Lettre à Marie

Par Emilia Castro, 2e vice-présidente

Québec, septembre 2017

Mon amie,

Des militantes de la Coalition régionale de la Marche mondiale des femmes (CRMMF) le 3 juin après une action symbolique, solidaire et internationale sous le thème « Paix et migration » dans le cadre des 24 h d’actions féministes.
Photo : Nicolas Lefebvre Legault.

C’est la première fois que les mots sont difficiles à trouver. Je me trouve devant une feuille blanche et ce n’est pas par manque d’inspiration, mais bien parce que la situation actuelle est difficile un peu partout dans le monde. Le Québec et notre ville n’échappent pas à cette réalité qui est parfois dure, mais où il y a heureusement toujours des rayons d’espoir qui viennent nous donner ce petit coup de pouce qui nous aide à continuer d’avancer.
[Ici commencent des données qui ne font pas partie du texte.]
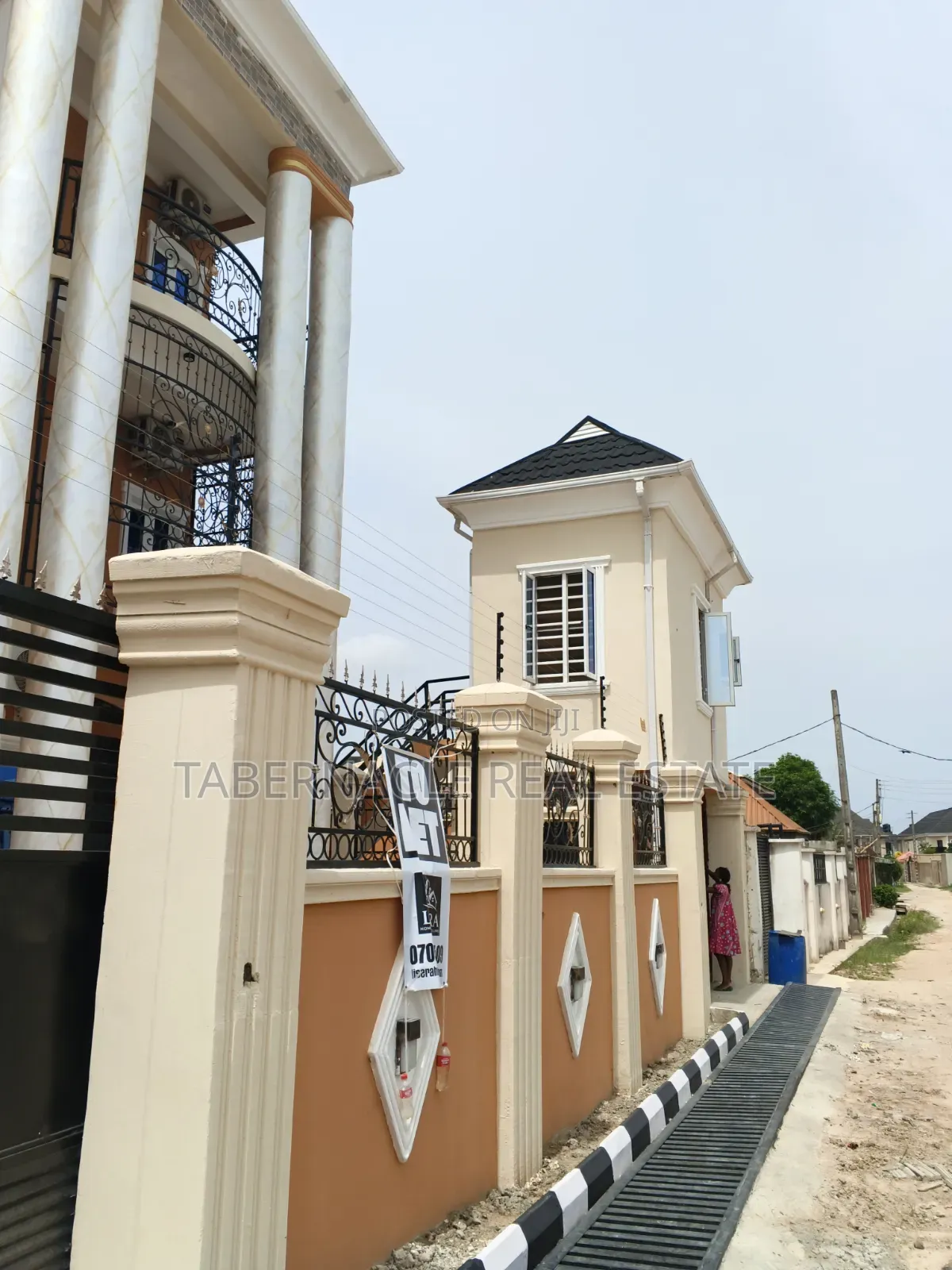 2bdrm Block of Flats in Valley View Estate, Ebute for rent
Il y a une vague froide de droite qui frappe le monde, où l’intolérance, la terreur et la peur de l’autre sont présentes. Les discours des leaders de ce monde n’arrangent pas les choses. Au lieu de se questionner sur les failles du système actuel, où le pouvoir économique et politique sont détenus par une minorité, il est plus facile de menacer de construire des murs, pas seulement physiques, mais également idéologiques.
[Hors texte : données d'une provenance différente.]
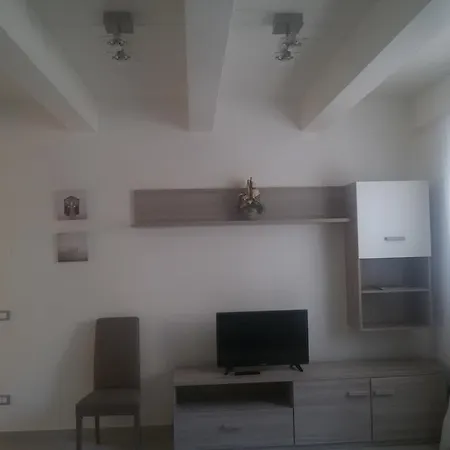 Hugo Holiday Beach Viareggio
Il me semble que nous avions appris de notre histoire passée que le respect des droits de l’homme est essentiel, que les espaces démocratiques doivent servir à dialoguer pour mieux se comprendre et pour mieux saisir nos différences qui enrichissent notre monde. Or, pour les grands de ce monde, la course au profit est la seule chose qui compte.

Heureusement, il y a des avancées dans les luttes que nous menons, comme celle au Chili, où après 28 ans d’interdiction et deux ans et demi d’intenses débats, une loi a été votée, et une fois promulguée par la présidente, Michelle Bachelet, l’avortement sera possible dans trois cas précis : pour les femmes dont la vie est en danger, pour les victimes de viols et pour les femmes dont le fœtus est jugé non viable. Cette situation correspond à 3 % des cas d’avortement au Chili.

La Corporation pour les droits sexuels et reproductifs (Miles) a qualifié cette décision d’historique, car elle « marque un avant et un après pour les femmes chiliennes ». En effet, il est important de signaler que cette loi constitue le premier pas pour l’obtention de l’avortement libre, sécuritaire, gratuit et légal !

Une victoire pour le droit des femmes en Jordanie : les violeurs ne pourront plus épouser leurs victimes. Le parlement jordanien a aboli l’article 308 du Code pénal stipulant que « si un mariage valide est conclu entre [un violeur] et sa victime, les charges seront abandonnées, et l’exécution de toute sentence rendue contre le violeur sera suspendue ». Entre 2010 et 2013, 159 violeurs avaient profité de cette loi ancestrale. Pour Salma Nims, membre de la commission nationale jordanienne pour les femmes : « c’est une victoire pour le droit des femmes ».

Ma chère amie, notre correspondance se trouvant à l’intérieur du journal du CCQCA prendra fin. J’ai décidé de prendre ma retraite au mois d’octobre.

Que dire de toutes ces années passées à militer dans mon syndicat des CPE, dans ma fédération et surtout au conseil central ; des années de bonheur, des manifestations et des actions qui m’ont permis de continuer mon implication syndicale et féministe commencée dans mon pays d’origine, le Chili. J’ai rencontré des femmes et des hommes extraordinaires. Je retrouverai ces personnes dans des lieux de résistance et de lutte. Tous seront, à jamais, gravés dans mon cœur.